COPD is marked by progressive and partially reversible airflow limitation caused by an abnormal inflammatory response in the lungs to harmful particles or gases. The disease impacts daily life by reducing lung function, causing dyspnea (shortness of breath), and limiting exercise capacity. A considerable contributor to disability-adjusted life years (DALYs) and premature mortality, chronic obstructive pulmonary disease (COPD) is a major worldwide health concern. Low- and middle-income countries, where exposure to tobacco smoke, biomass fuel, and occupational risks is common, are disproportionately affected by the illness burden, which is not limited to high-income countries ^[1-3].

Patients with COPD frequently exhibit coughing, phlegm production, dyspnea, exhaustion, and decreased tolerance to physical exertion. Effective management and prognostication depend on the evaluation of symptom load. Numerous aspects of the burden of the condition are captured by the well validated COPD Assessment Test (CAT), which is a patient-reported outcome measure ^[4,5]. According to Sørheim et al. (2010), demographic factors like age and gender have an impact on how people perceive the condition, how severe the symptoms are, and how functionally impaired they are. Comorbidities may hasten the decline of older persons, and gender disparities in physiology, smoking habits, and health-seeking behavior may influence different results. The COPD Assessment Test (CAT) is one of the few studies that have carefully looked at age in the Indian context ^[6-8].

Age-related diseases have become more common as life expectancy has increased globally, placing a significant strain on society and health care systems. Every essential organ deteriorates with age, and after the age of 25, the lungs' pulmonary performance gradually declines. Increased cellular senescence and oxidative stress, changes in the extracellular matrix, and other age-related characteristics are present in a relatively prevalent lung disease like COPD. The steady loss of homeostasis that happens after life's productive period is over and raises the risk of illness or death is known as ageing ^[9-11].

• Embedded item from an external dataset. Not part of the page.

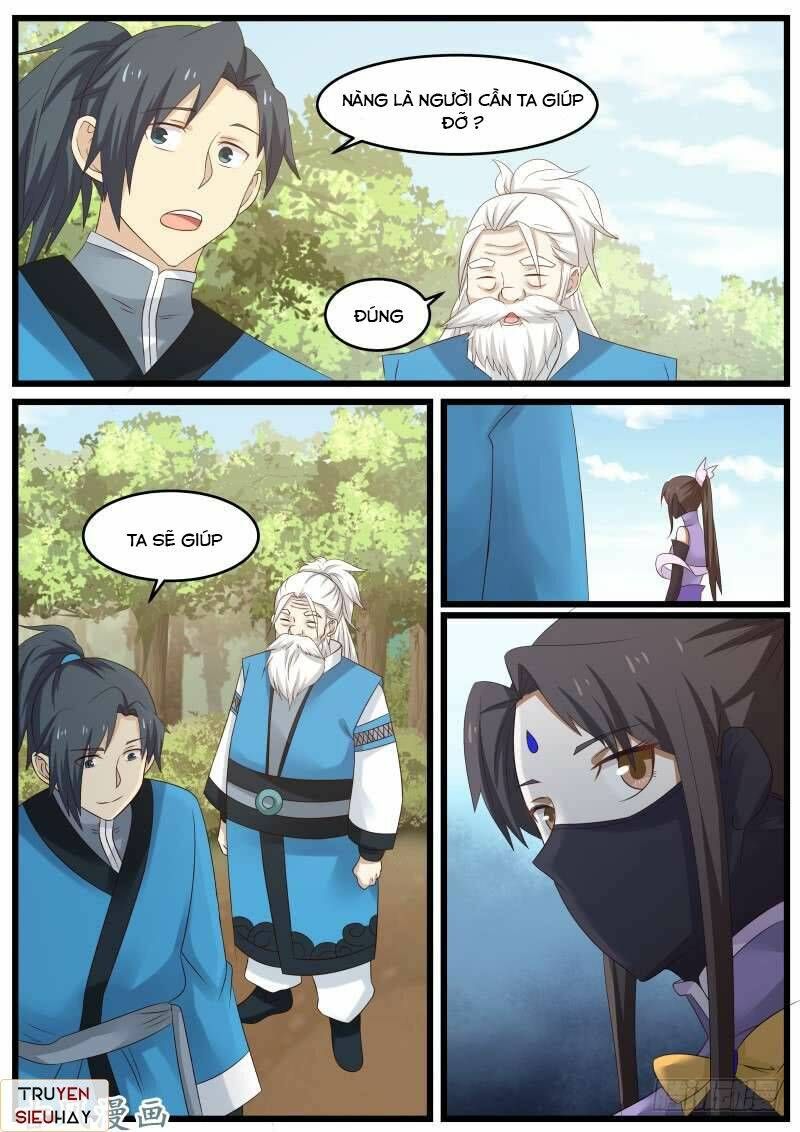 đọc truyện Võ Luyện Đỉnh Phong Chương 61 ảnh 10 tại Thiên Thai Truyện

Studies have demonstrated that higher CAT scores are associated with increased risk of exacerbations, hospitalizations, and reduced quality of life (Jones et al., 2012). Identifying demographic influences such as age and gender on symptom burden is essential for tailoring management strategies (Sørheim et al., 2010; Han et al., 2010). Age-related lung function decline, comorbidities, and gender-based differences in physiology and health behaviors can significantly shape disease outcomes ^[12-14]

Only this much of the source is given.